1948年岡山県生まれ。72年共同通信社に入社。88年から91年までニューヨーク特派員、経済分野を取材し、編集委員を経て2010年に退社。現在は経済ジャーナリスト。著書は「ジャパンマネーの奔流―ニューヨーク・東京・ロンドンの24時間」(1987年、ダイヤモンド社)、「日本買い 外資は何を狙っているか」(2005年、PHP研究所)など。

渋谷ストリーム外観(東急電鉄提供)

 渋谷駅前の再開発に伴い駅周辺の新築オフィスビルの家賃が急騰している。米国のIT大手グーグルの日本法人グーグル・ジャパンが、9月13日にオープンした駅直結の複合施設「渋谷ストリーム(SHIBUYA STREAM)」に来年秋に入居することが決まってから、家賃の値上がりに拍車が掛かっている。渋谷駅周辺にはIT関連のベンチャー企業が多く集まっており、この地区にオフィスを構えることがベンチャー企業のファッションになっている。

新築で坪5万円

 渋谷駅前は数年前から東京急行電鉄が中心となって再開発がスタートし、新築ビルがいくつも竣工している。2012年に34階建ての「渋谷ヒカリエ」が開業、ディー・エヌ・エー(DeNA)がこの中に本社を移転した。その後、スタートアップしたIT関連企業が駅周辺に集まっていたが、グーグルの日本法人が引っ越してくることが明らかになった昨年11月以降からこの動きが加速している。

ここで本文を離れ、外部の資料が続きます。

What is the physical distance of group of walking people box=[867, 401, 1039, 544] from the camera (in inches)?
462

 この結果、新築ビルの賃料が上昇、平均でも月額賃料が坪3万円している。立地条件の良いオフィスはさらに高く、坪5万円以上もするところも出ているという。となると10坪(33平方メートル)の小さな部屋でも月額家賃が50万円もする計算になる。実際にはこれに共益費分が加算される。それでも渋谷駅周辺の新築ビルに入りたいというテナントもいるようで、不動産の専門家は「オフィスの家賃に『グーグル効果』が現れているのではないか。ベンチャー企業にとって家賃が高いのは負担になるが、この地域にオフィスを構えることがステイタスにつながると考えているようだ」とみている。

 東京のオフィス家賃に詳しい三鬼商事によると、ビジネスの盛んな都心5区(千代田、中央、港、新宿、渋谷)の8月の平均月額家賃は坪2万291円(新築は2万8772円、既存は2万42円)で、平均賃料は56カ月連続で上昇している。同月の平均空室率は2・45%で前月比より0.13㌽下がっており、1年前からほぼ一貫して下がり続けている。都心では再開発が盛んに行われているが、どの新築ビルも完成前にはほぼ埋まっている状況が続いている。